Although the government labels the vast majority of the 35,000 refugees as “infiltrators” because they illegally entered Israel via Sinai, Dror Sadot, spokeswoman for the Hotline for Refugees and Migrants, said they are primarily legitimate asylum- seekers fleeing genocide.
Forced deportation to Rwanda, said Sadot, will likely place them in life-threatening circumstances.
“We know from numerous testimonies that the refugees who are sent to Rwanda are tortured and not given any security, status or work permits, so they must continue with their asylum journey,” she said.
“With a refugee crisis all over the world, Israel, which has enough resources to absorb 35,000 refugees, has a moral obligation to grant refugee status. Jewish people know best what it is like to be a refugee, and it is the obligation of a Jewish state to accept people who are asking for asylum.”
Sadot continued: “The government has crossed a redline, and we see a lot of panic in the community – particularly at our Crisis Intervention Center [in Tel Aviv], where there are now lines outside our offices. There is a complete lack of transparency, and it is terrifying these people.”

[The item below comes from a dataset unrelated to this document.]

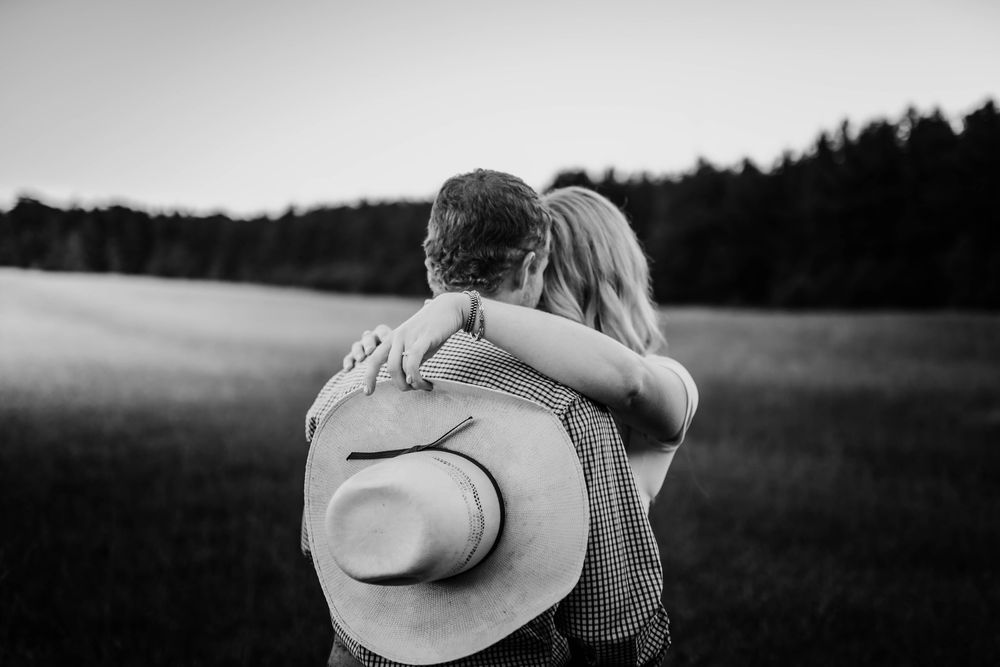 A romantic black and white photo showing an embrace in a field at dusk with a cowboy hat visible.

Adonay, a 33-year-old Eritrean merchant who requested his last name not be published, put the pending ultimatum in stark terms.
“If I am forced to go to Rwanda, I will die,” he said on Wednesday. “I know of people who went there – and we never heard from them again. They are given no rights and have no status.”
In a joint letter, a consortium of human rights agencies – including Amnesty International Israel, ASSAF – Aid Organization for Refugees, ACRI – The Association for Civil Rights in Israel, Kav LaOved, Physicians for Human Rights – Israel, and the African Refugee Development Center – deemed forced deportation a veritable death sentence.
“Israel is sending refugees to an unsafe country, and many of them to their deaths,” the letter stated.
“Rwanda is not safe. All eyewitness accounts tell us that those who are deported from Israel to Rwanda find themselves exposed to threats such as kidnapping, torture and human trafficking. They are forced to continue their lives as refugees.
“Few of them succeed in surviving the journey and arriving in the end to a safe haven. The expulsion to Rwanda endangers the very lives of these refugees.”
Moreover, the human rights activists claim that Israel is deliberately preventing Africans from applying for asylum, and then stating that since they did not submit their requests, they will expel them.
“This year alone, 7,000 Eritreans and Sudanese tried to submit asylum applications, but the Population and Immigration Authority prevented them from physically doing so,” the letter states.
“The only office in the country where one can apply for asylum doesn’t even allow for Africans to use their rights and refuses to take in the asylum applications of the thousands of them who wait in line for days.”